In the 90s, the market called for artistes to be better looking and packaging set in... but music was still alot at the forefront of it all. At least from my memory, there wasn't really any very striking artiste who only looked good but couldn't sing.

How quickly time and trends change as we reached the 21st century. From what I see, packaging and marketing seems to have overtaken the importance of music. And I definitely frown to hear songs blast over the radio or in stores, sung by artistes who have stunning appearances but can't hold their note well. Examples of these are everywhere... I will not list them out here but I'm sure all of you have quite a number of them in your minds.

Lets now take the perspective of the Record company... you took a risk by signing on an artiste, putting in tens of thousands into recording a good album, marketing and promoting him/her then you've not only gotta feed yourself, but you've got to feed your company. The greatest responsibility now lies in the artiste to be able to sell well of course.

And the best direct solution that the present market calls for, is definitely packaging.
Unfortunately, music does have to take a back seat for now at the way the industry is going.

I believe, this is the case for Mayday as well.
If a large group of people are depending on your albums to sell well, you would have the pressure to do as you are told too. What's more, they (mayday) are such good hearted people who treasure friendships and know not to bite the hand that feeds them.

As I told SH, I will never look down on them for appearing 'boy-bandish' but I will look down on them if they ever lose their true natures - the humble people that they are, and all they want to do, is to touch the world with their music.

This is something that I know, I want to learn from them.
And so long as they never lose sight of the fact that music is meant to touch people, I will always respect them with my whole heart.

Even if 20% of the fans out there are more concerned about their appearance, I'm sure they are consoled that there's still 80% who look below the surface and feel the true essence of their music.. and be truly touched and inspired by their music.

Just as I have been inspired myself :)

Tuesday, June 21, 2005

Enough of guessing...

I wanted to blog about my KL trip, about the amusing events that happened over the 3 short days that felt more like one entire week went by instead. I wanted to talk about the concert, the politics of the country, the food there.... but right now, I'm totally at a loss.

I was just thinking, how wonderful it is that the mafia has finally gone overseas together once again after going through that messy time. And I was so glad that there has been laughter once again together as a group. But right now, I am taken aback...

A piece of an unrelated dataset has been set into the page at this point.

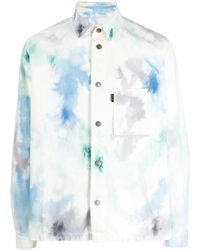 Haikure - Paint-splatter Print Cotton Shirt - Lyst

What was it? Can you please tell me?
He doesn't have any idea either. Yes, he is just as confused.. which makes me equally confused.

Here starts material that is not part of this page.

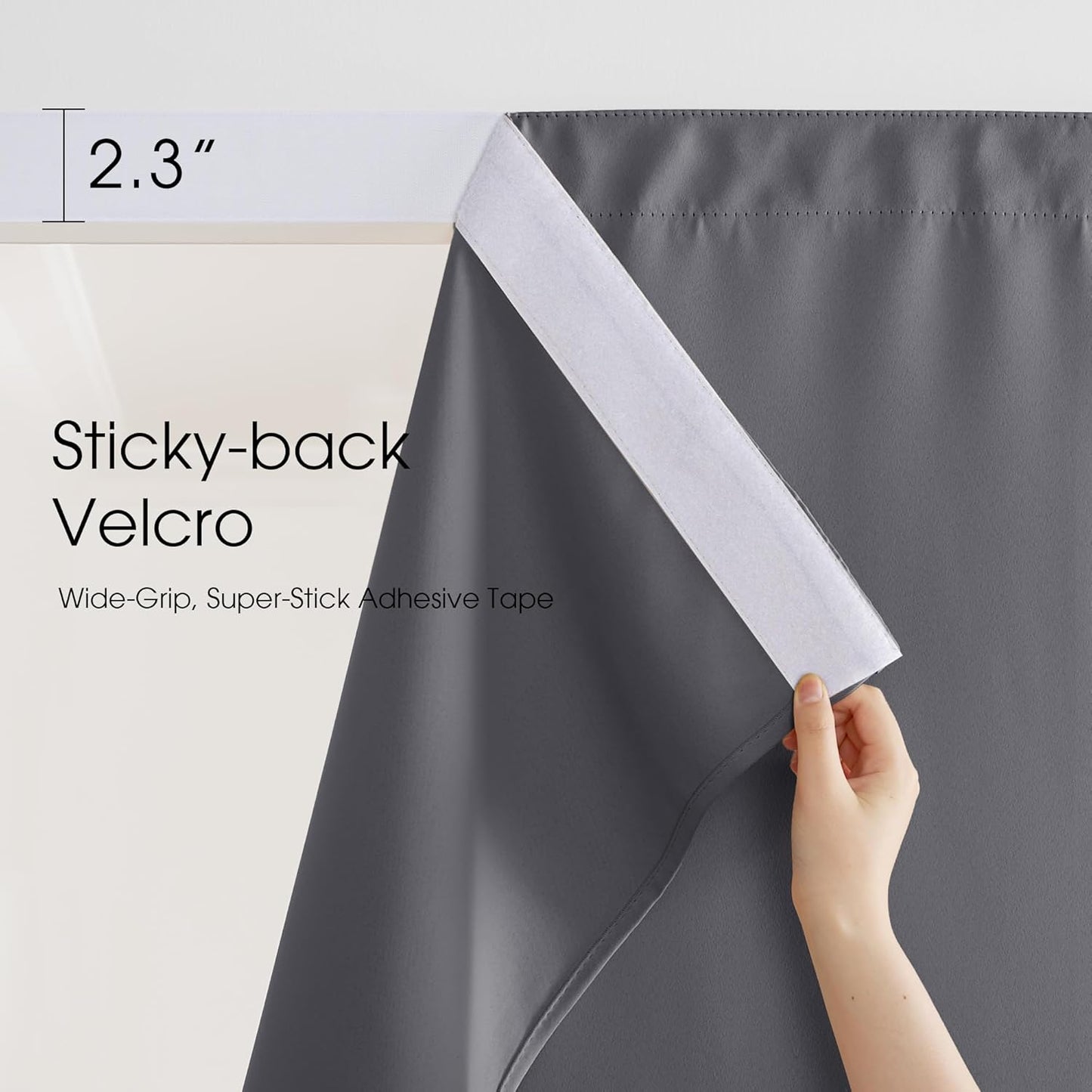 Windproof No Rods Needed Velcro Top Waterproof Outdoor Curtains 2 Panels | Outdoor Standard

I really don't want to keep guessing. And I'm a person who really doesn't like misunderstandings. It just bugs me... real bad

All I know is that every single person is different and we all have our varying perspectives. We don't have to conform to the way everyone thinks. It is not about group dynamics but more about friendship and friendship is flexible and open... as well as accepting.

I don't blame anyone, don't blame yourself either and don't blame whoever you think might be against you. It might just turn out to be a misunderstanding.

What we need to do, is be open and sort it out.

Wednesday, June 15, 2005

The long awaited call....

Got woken up at 9plus in the morning from a very important call, from a source that I have been waiting to call me, for so long.

I'm tired and lack of sleep, but I'm happy and excited :). Tried lying down on the bed to get back to sleep but couldn't because its finally happening! I certainly hope so.. I really hope I'm not imagining it to be what I really want, but would turn out otherwise.

I got to help out for 2 days first with some auditions, starting tomorrow 9am (time to wake up early again!)... but tomorrow I've also got an important sales meeting at the studio at 7pm. I will try to leave by 6plus or reach the studio late.

I feel sorry towards my very nice bosses.. but then this is truly an opportunity and learning experience that I don't want to miss out on. I will make it for the meeting even if I gotta take a cab down!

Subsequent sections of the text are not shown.